The details of one or more implementations of the subject matter of this specification are set forth in the description, the claims, and the accompanying drawings. Other features, aspects, and advantages of the subject matter will become apparent from the description, the claims, and the accompanying drawings.

Like reference numbers and designations in the various drawings indicate like elements.

The disclosure is directed to utilizing machine learning (ML) segregation techniques to optimize the pressure-volume-temperature (PVT) based reservoir fluid characterization process. For example, some implementations may apply ML methodology to a parent dataset for the purpose of segregation including clustering and classification. The parent dataset refers to a complete dataset from existing PVT characterization techniques and includes multiple data records from a formation, from a field, and from a region that encode results from compositional analysis, constant composition experiment (CCE) and constant volume depletion (CVD) tests. Using these test results, one or more equation of state (EoS) models can be built to fully characterize the underlying data records (e.g., compositional measurements) in terms of predicting reservoir (e.g., fluid behavior). The segregation algorithm can cluster and/or classify the parent dataset. In these implementations, additional datasets (also known as children datasets, or child dataset, which may not be as detailed as the parent data, and may cover different locations in the same reservoir) are also imported. These implementations may then predict the characteristics of the underlying samples associated with the new dataset acquired from the same reservoir as the parent dataset based on results of clustering/classification.
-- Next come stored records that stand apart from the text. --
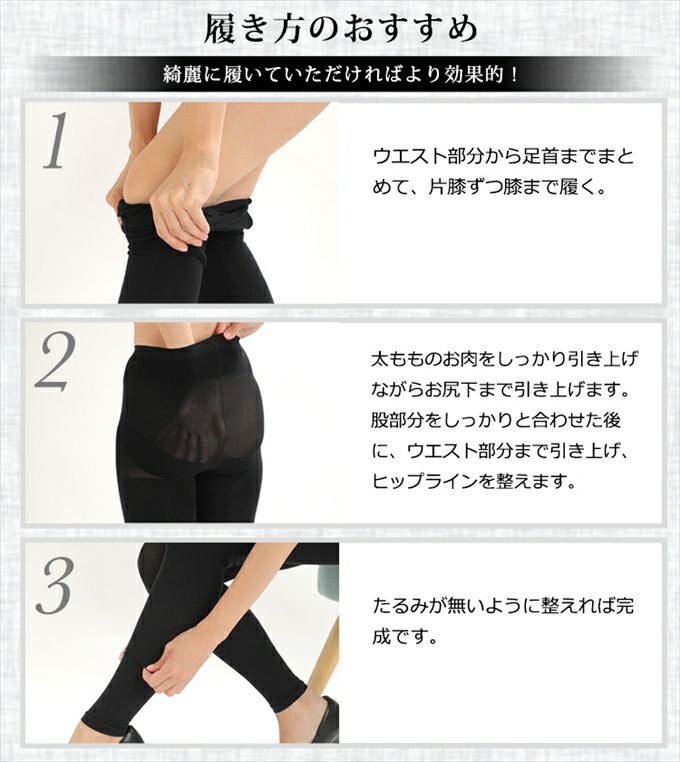 着圧レギンス レディース スパッツ 日本製 肌に優しい 乾燥肌 レギンス 美脚 美尻 ヒップアップ お腹押さえ 骨盤矯正 骨盤 ガードル UV ブランド アウトドア 黒 サポート 寝るとき もも引き 股引 十分丈 インナー スポーツ ゴルフ おしゃれ 送料無料 春 秋 冬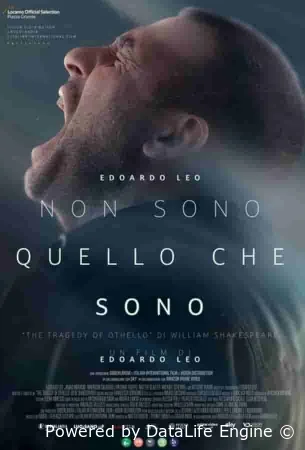 Не тот я, кем кажусь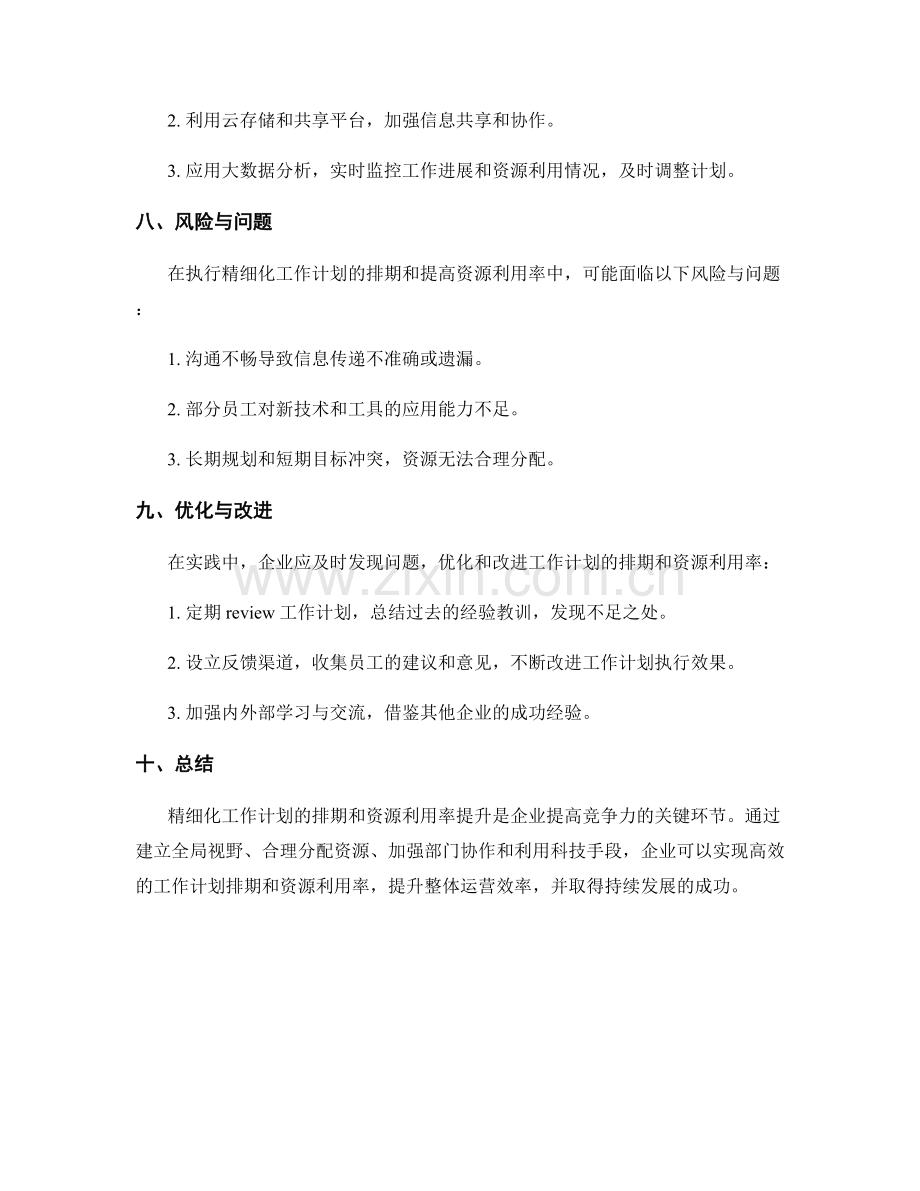 精细化工作计划的排期和资源利用率提升.docx_第3页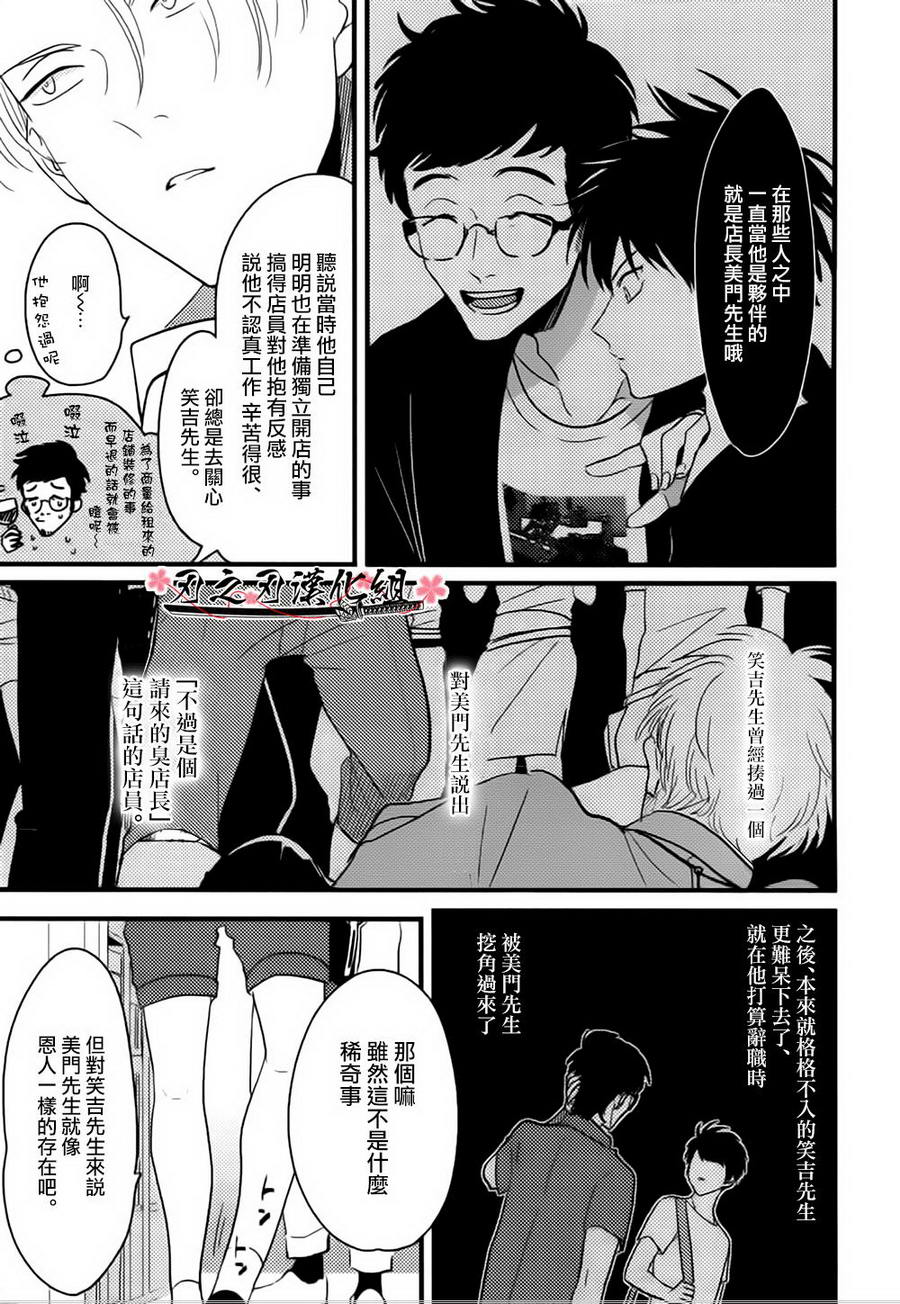 《色彩秘方》漫画最新章节 第2话 免费下拉式在线观看章节第【10】张图片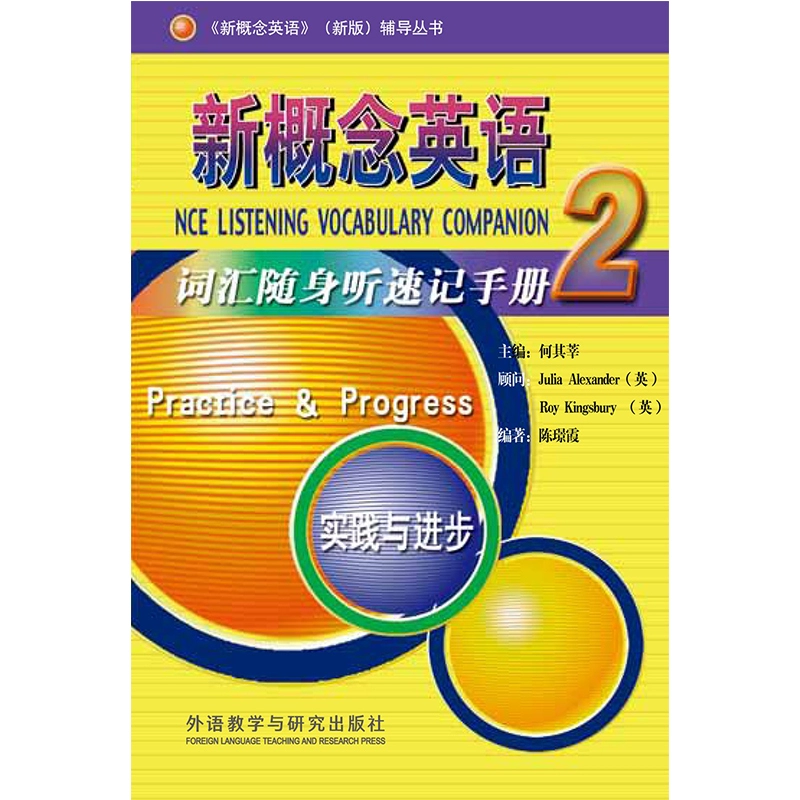 Học viện nghiên cứu nước ngoài chính hãng Khái niệm mới Tiếng Anh 2 Từ vựng Walkman Thực hành thủ công và tiến bộ Longman Khái niệm mới Anh Qixin Tự học từ vựng tiếng Anh Khái niệm mới Sách giáo khoa tiếng Anh Hỗ trợ từ vựng - Máy nghe nhạc mp3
For example, through the techniques of cluster/classification for features such as concentration of molecules, dryness/wetness of carbonate fluid samples, balance and character ratios of carbonate fluids, the characteristics of various samples can be segregated to reflect connection to a certain reservoir, field or region. Once a relationship has been established between the new dataset and its equivalent parent, as revealed by the segregation techniques, the EoS model from the parent cluster can be applied to the composition data from the new dataset. In this manner, the EoS model from existing dataset can be used to compute fluid properties of interest based on compositional measurements from the new dataset. The computed fluid properties can be rendered and refreshed to reflect the underlying dataset, which is evolving as field operations unfold.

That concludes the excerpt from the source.